## Problem to work on
All of the records below should be retyped exactly, with no pictures included.

Entries shown Block Start

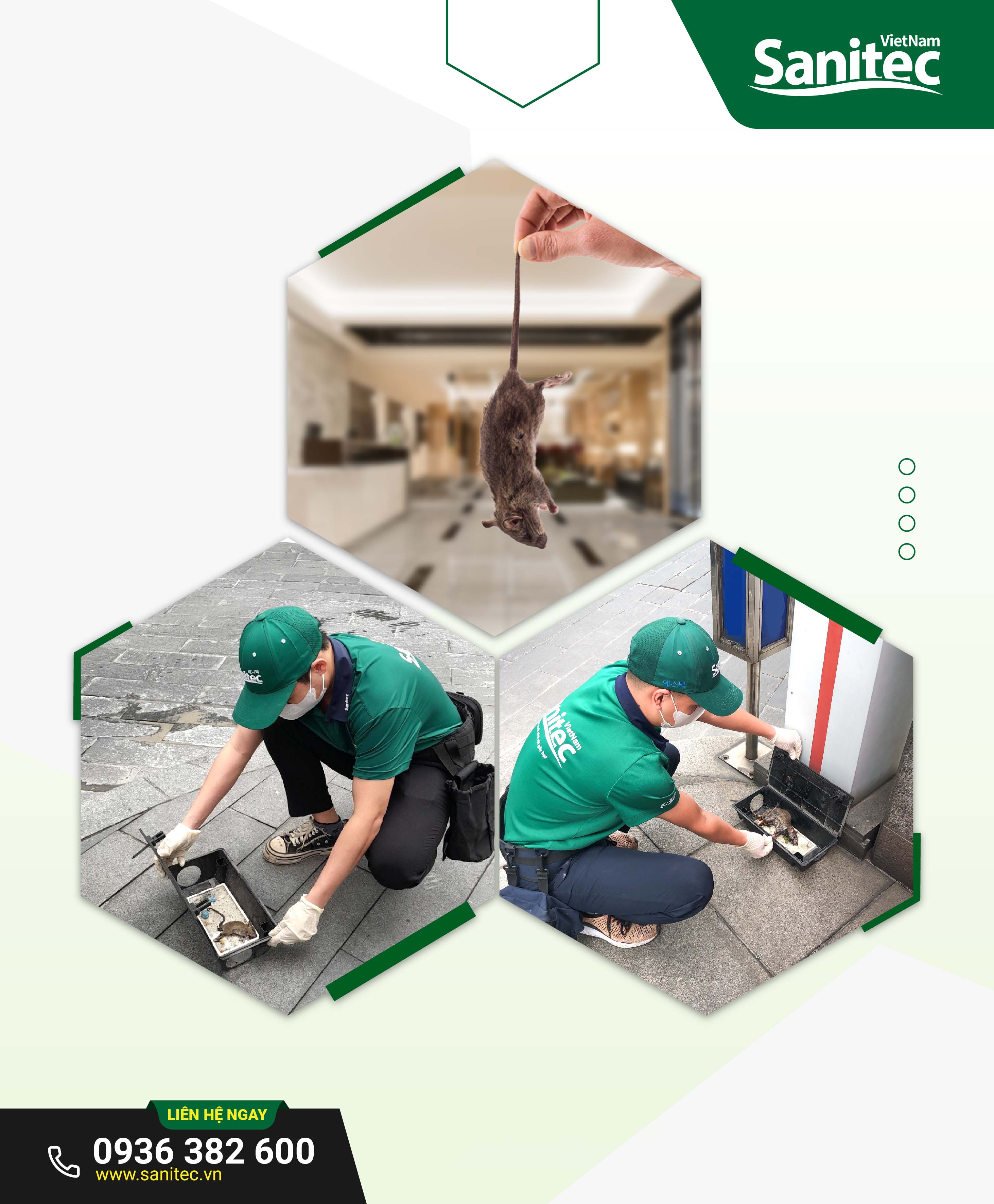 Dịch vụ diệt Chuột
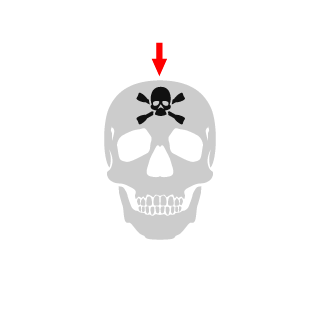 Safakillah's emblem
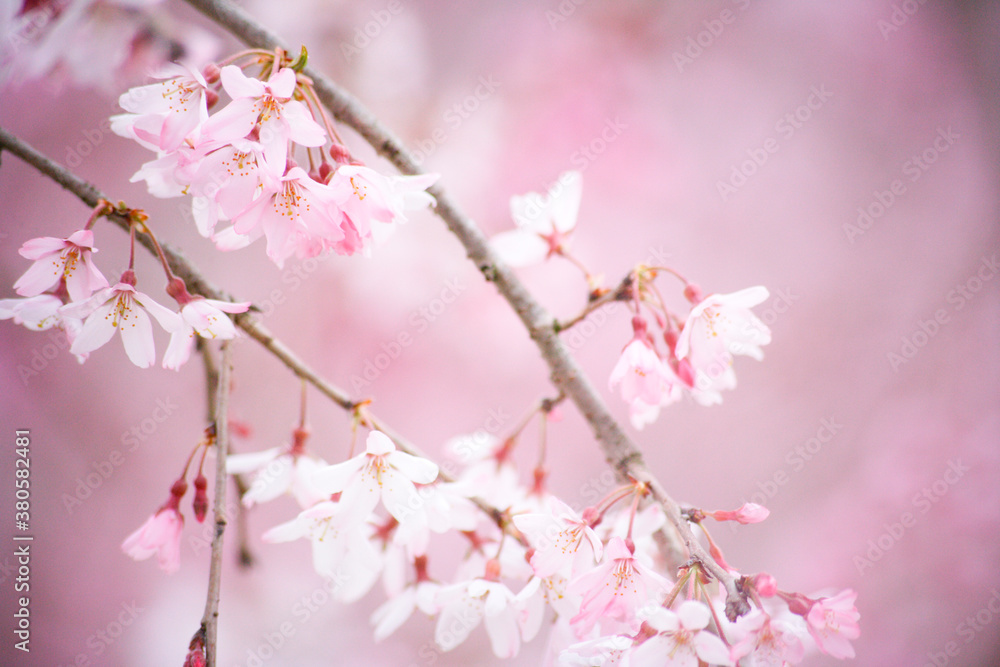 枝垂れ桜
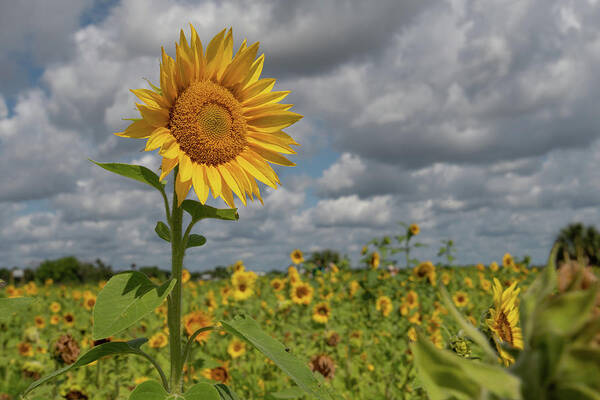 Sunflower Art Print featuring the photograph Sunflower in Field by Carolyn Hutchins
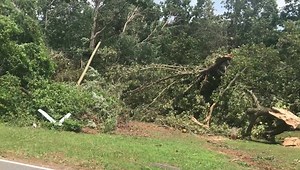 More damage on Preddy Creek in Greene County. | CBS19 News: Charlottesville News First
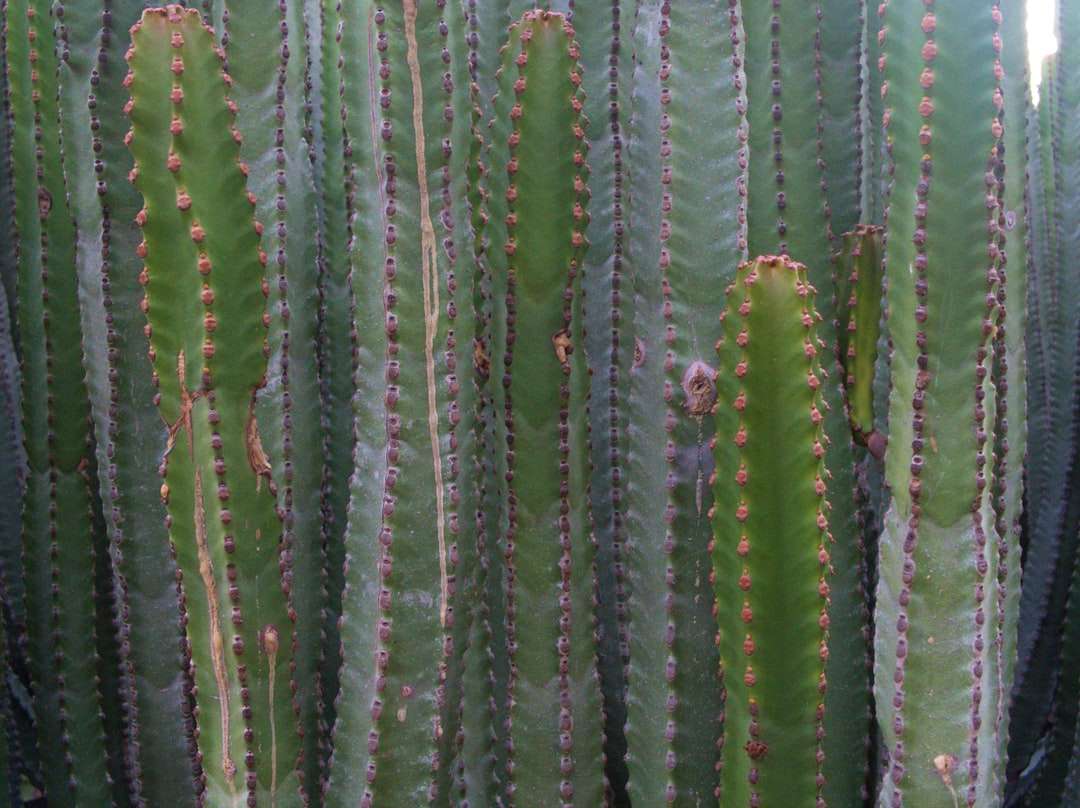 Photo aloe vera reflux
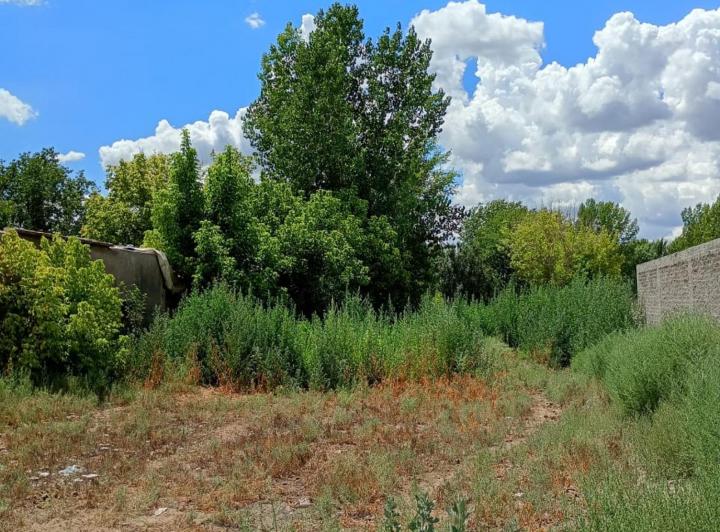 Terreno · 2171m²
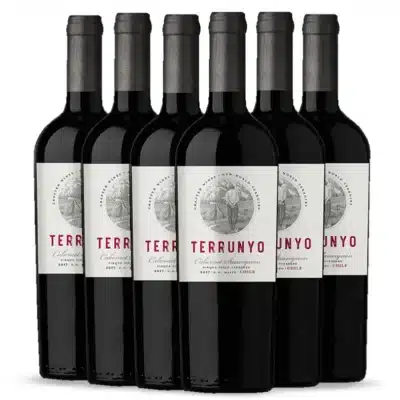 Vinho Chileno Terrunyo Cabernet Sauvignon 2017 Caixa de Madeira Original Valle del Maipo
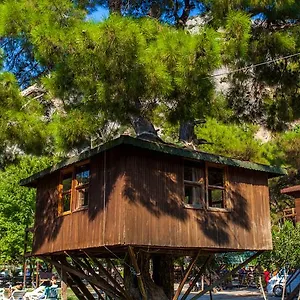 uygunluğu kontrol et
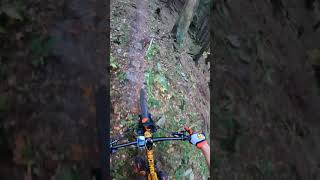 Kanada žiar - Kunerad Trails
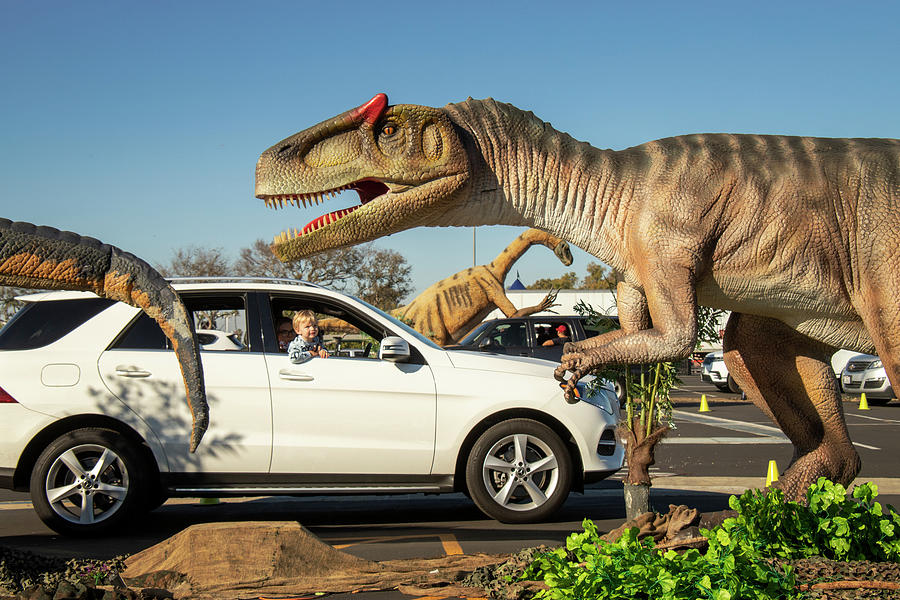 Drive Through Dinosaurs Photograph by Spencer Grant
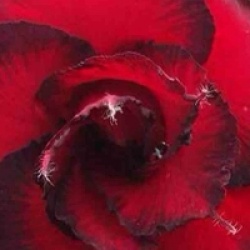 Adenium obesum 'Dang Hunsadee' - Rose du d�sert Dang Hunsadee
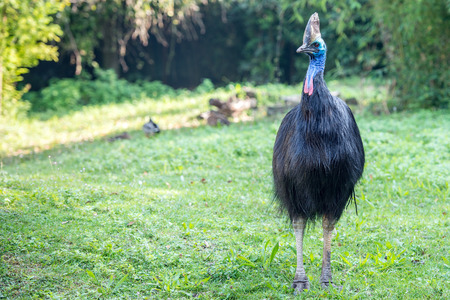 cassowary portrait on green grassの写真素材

Entries shown Block End

## Expected answer
 Dịch vụ diệt Chuột
 Safakillah's emblem
 枝垂れ桜
 Sunflower Art Print featuring the photograph Sunflower in Field by Carolyn Hutchins
 More damage on Preddy Creek in Greene County. | CBS19 News: Charlottesville News First
 Photo aloe vera reflux
 Terreno · 2171m²
 Vinho Chileno Terrunyo Cabernet Sauvignon 2017 Caixa de Madeira Original Valle del Maipo
 uygunluğu kontrol et
 Kanada žiar - Kunerad Trails
 Drive Through Dinosaurs Photograph by Spencer Grant
 Adenium obesum 'Dang Hunsadee' - Rose du d�sert Dang Hunsadee
 cassowary portrait on green grassの写真素材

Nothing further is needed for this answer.